*** Block opens ***

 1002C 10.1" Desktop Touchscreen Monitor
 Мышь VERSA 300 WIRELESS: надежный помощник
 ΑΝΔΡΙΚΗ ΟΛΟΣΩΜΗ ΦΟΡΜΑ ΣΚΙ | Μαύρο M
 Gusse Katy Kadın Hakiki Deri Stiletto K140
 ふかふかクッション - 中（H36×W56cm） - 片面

*** Block closes ***
*** Block opens ***

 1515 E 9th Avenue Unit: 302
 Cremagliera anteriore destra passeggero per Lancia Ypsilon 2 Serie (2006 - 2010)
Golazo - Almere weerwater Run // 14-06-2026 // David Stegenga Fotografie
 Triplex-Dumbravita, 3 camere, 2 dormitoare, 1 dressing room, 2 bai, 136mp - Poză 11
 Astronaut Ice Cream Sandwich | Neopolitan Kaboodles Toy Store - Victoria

*** Block closes ***

Your task: Where the data above reaches the line holding "Мышь VERSA 300 WIRELESS: надежный помощник", begin printing, and stop after the line holding "ふかふかクッション - 中（H36×W56cm） - 片面". Each line must be reproduced exactly, with nothing else added.

Problem solution:
 Мышь VERSA 300 WIRELESS: надежный помощник
 ΑΝΔΡΙΚΗ ΟΛΟΣΩΜΗ ΦΟΡΜΑ ΣΚΙ | Μαύρο M
 Gusse Katy Kadın Hakiki Deri Stiletto K140
 ふかふかクッション - 中（H36×W56cm） - 片面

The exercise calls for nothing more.